Of all the entries below, only the lines from the one with "DUSCHVORHANG – Breite" up to and including the one with "Baldwin<br />5447V.056.RDM IN" are to be duplicated exactly.

> **Extracted entries**:
----------------------------------------
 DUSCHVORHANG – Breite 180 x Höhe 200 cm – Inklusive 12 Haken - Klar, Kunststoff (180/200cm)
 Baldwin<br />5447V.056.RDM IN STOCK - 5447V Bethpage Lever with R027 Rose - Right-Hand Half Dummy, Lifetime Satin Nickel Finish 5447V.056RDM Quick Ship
----------------------------------------
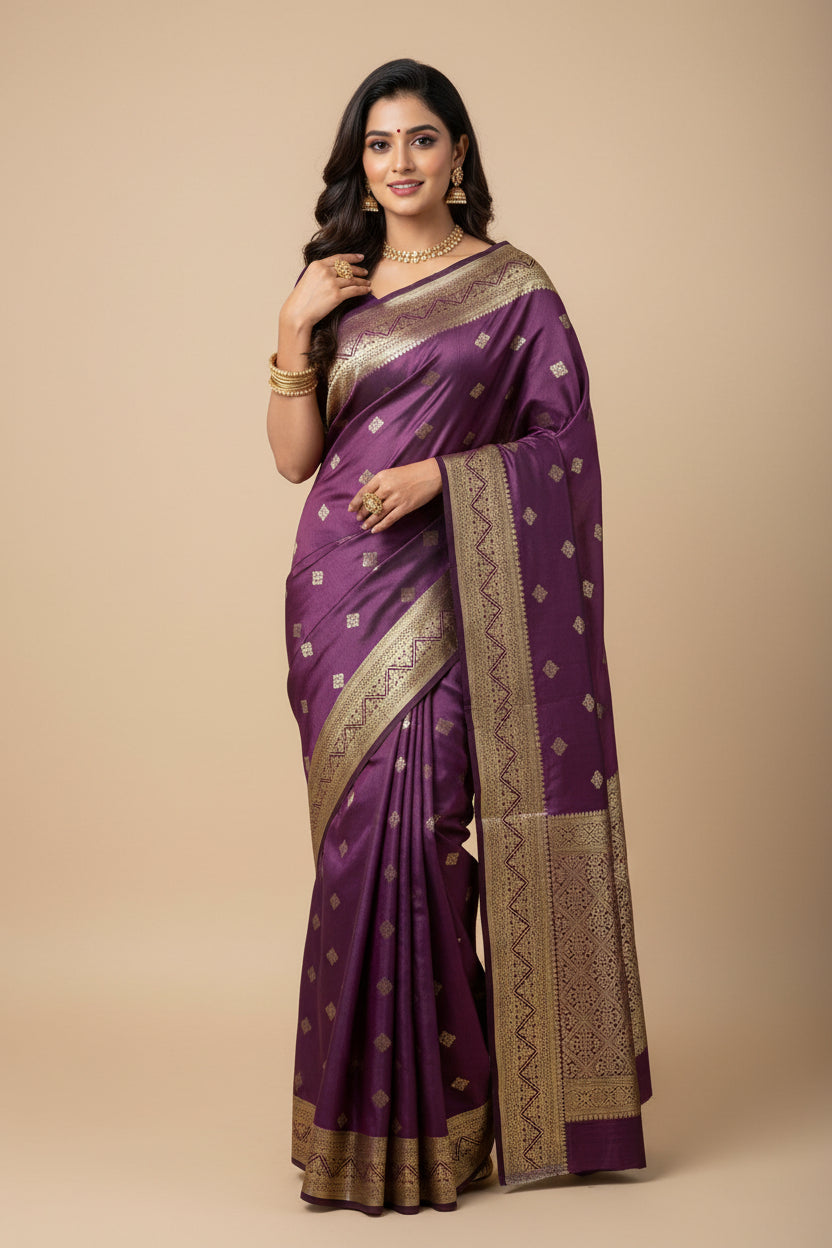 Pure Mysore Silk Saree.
----------------------------------------
> **Exercise answer**:
 DUSCHVORHANG – Breite 180 x Höhe 200 cm – Inklusive 12 Haken - Klar, Kunststoff (180/200cm)
 Baldwin<br />5447V.056.RDM IN STOCK - 5447V Bethpage Lever with R027 Rose - Right-Hand Half Dummy, Lifetime Satin Nickel Finish 5447V.056RDM Quick Ship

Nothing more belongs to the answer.